What is a swap execution facility?
A swap execution facility (SEF) is regulated platform or trading facility which is designed to enable multiple participants to execute swap transactions by accepting bids and offers. Historically, swaps have been traded as an over-the-counter (OTC) product with minimal transparency. The development of SEFs aims to increase trade transparency significantly.
Where have you heard about a swap execution facility?
The development of swap execution facilities represents a major step forward in increasing transparency in the OTC derivative markets. Working toward greater transparency in the financial derivative markets is a key goal of the Dodd Frank Act of 2010, which was drawn up a response to the 2008 financial crisis.
What you need to know about a swap execution facility.

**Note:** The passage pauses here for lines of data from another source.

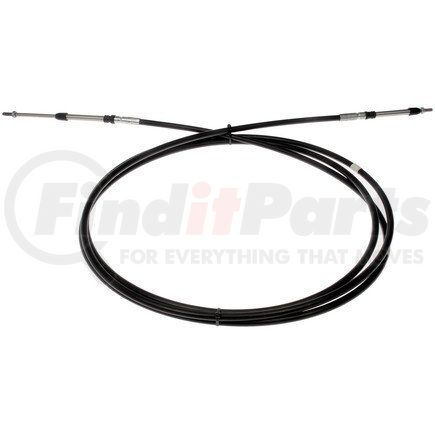 924-7020 by DORMAN - Gearshift Control Cable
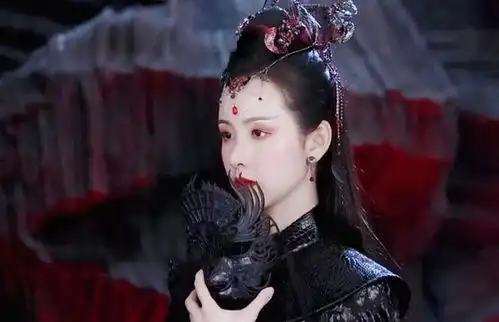 长月烬明叶冰裳到死都不知道,她最应该记恨的人,并非叶夕雾
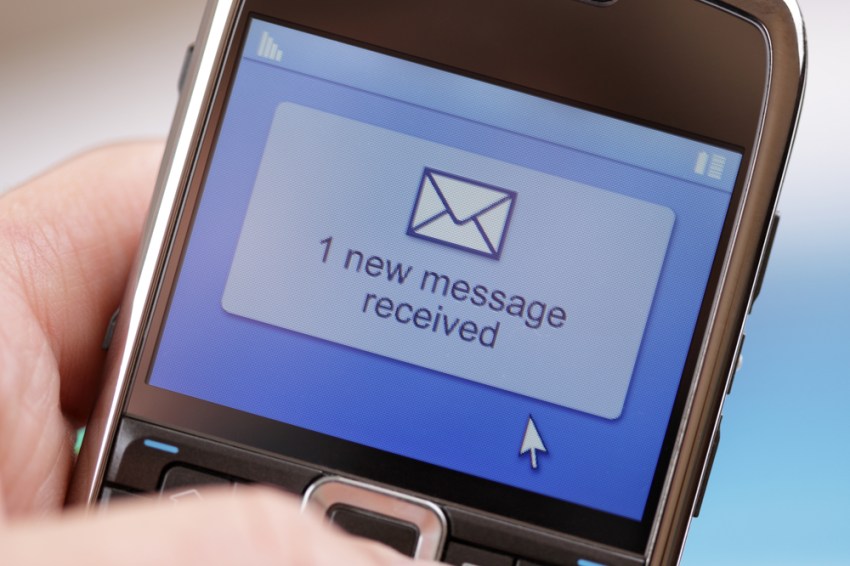The 8 Types Of People In Every Group Text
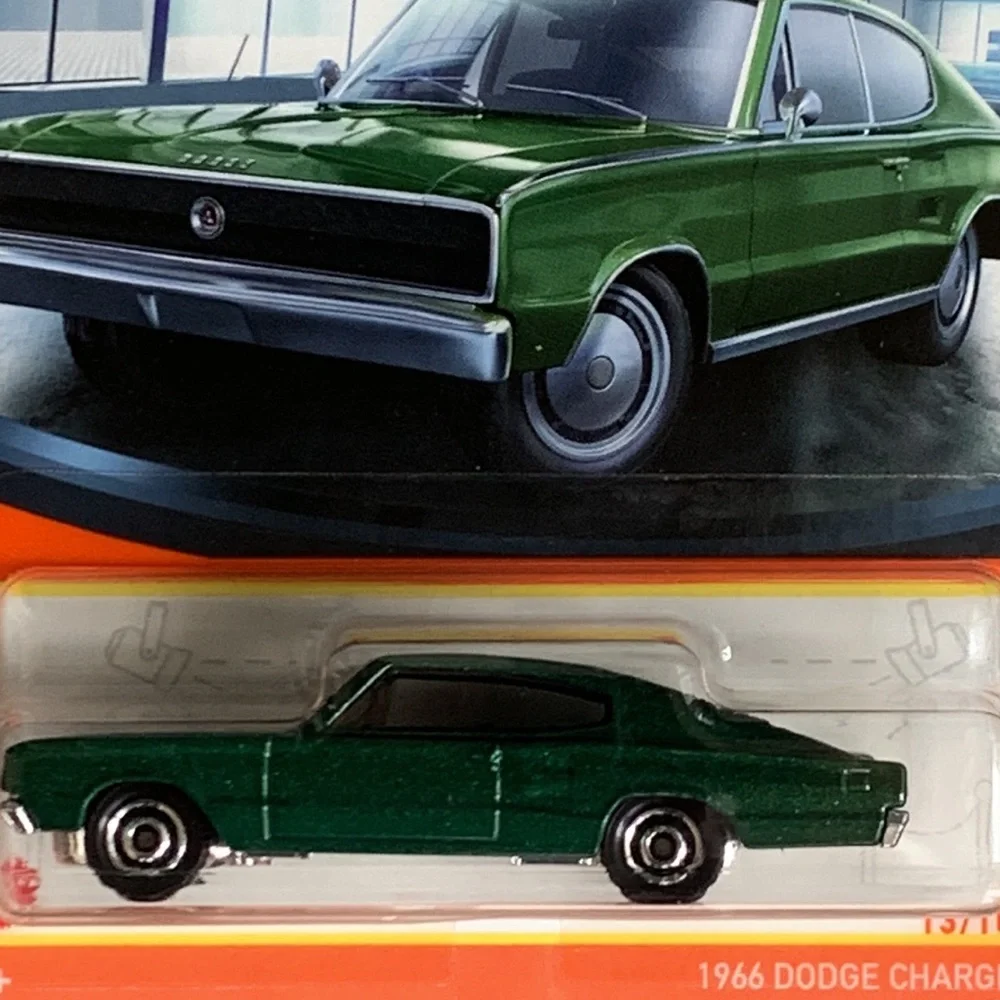 N/A matchbox 1966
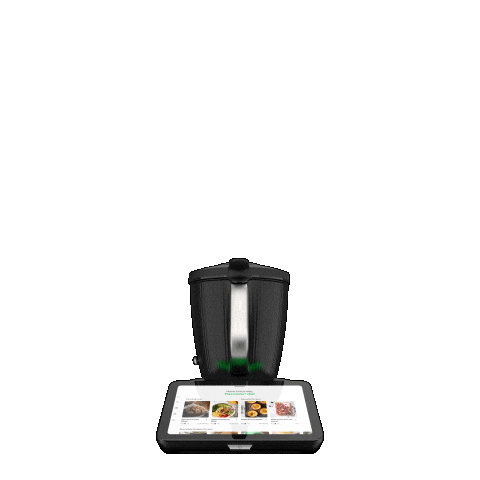 Thermomix Tm7 Sticker by Bimby Portugal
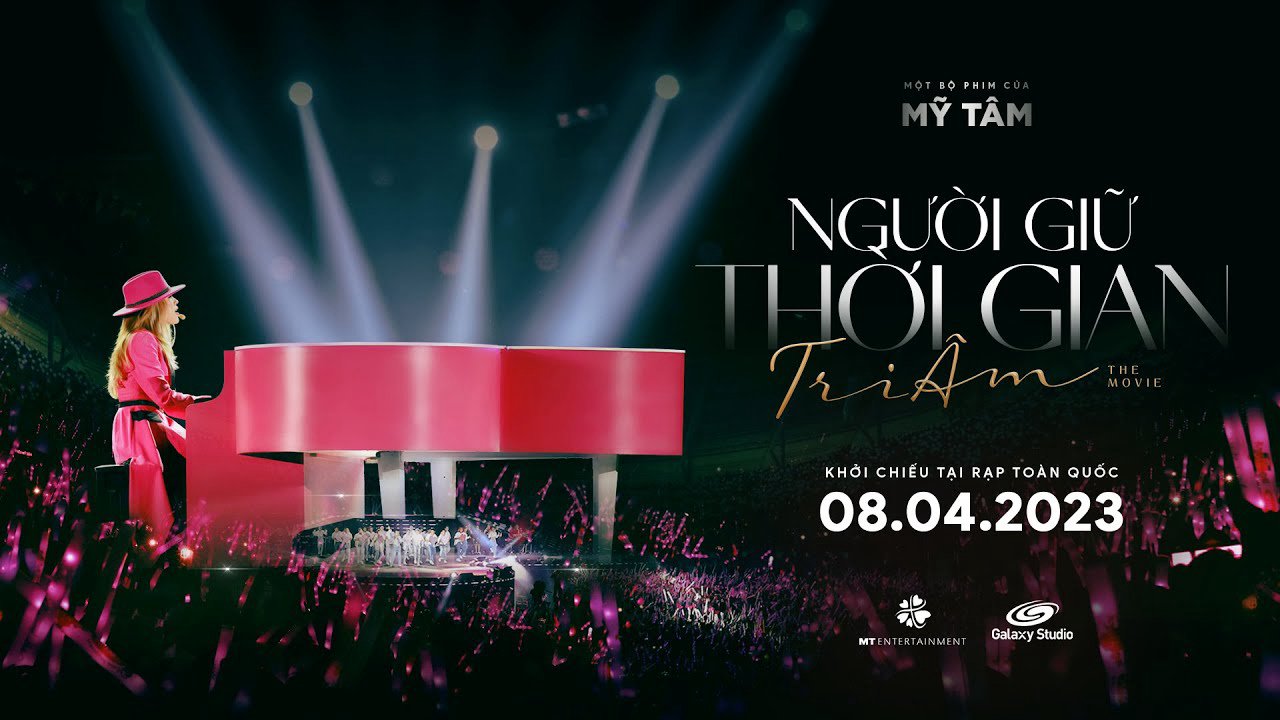 Tri Âm: Người Giữ Thời Gian Tri Âm: Người Giữ Thời Gian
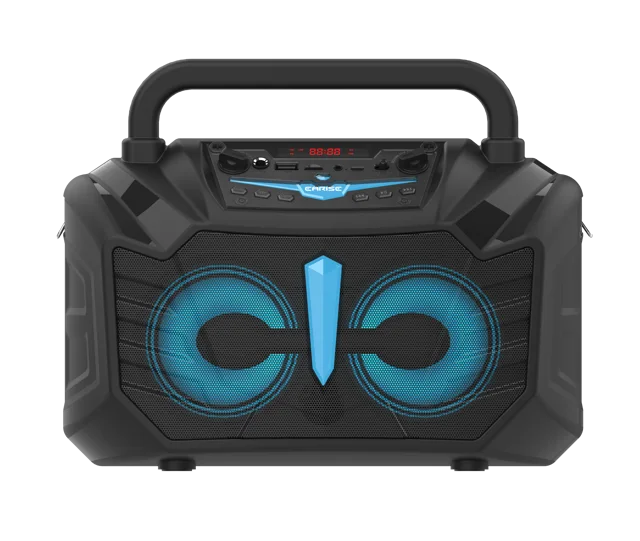 Protable speaker SX-MZZ-K60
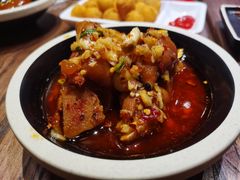 -万利记·长沙粉面小吃(8号仓店)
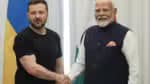 Zelensky solicita que a Índia restrinja suas aquisições de petróleo da Rússia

Swap execution facilities (SEF) are an attempt by the Securities and Exchange Commission (SEC) and Commodity Futures Trading Commission (CFTC) to bring swaps trading in line with other ‘exchange traded’ products such as financial futures and options. Trading on an exchange-style platform offers a much greater degree of price transparency to market participants than trading ‘over-the-counter’, where participants relied on an old-style voice broker to execute their transactions and trades were not posted for the rest of the market to see. Trading on a SEF also moves participants toward clearing-house settlement for swaps, again mirroring the exchange-traded futures markets.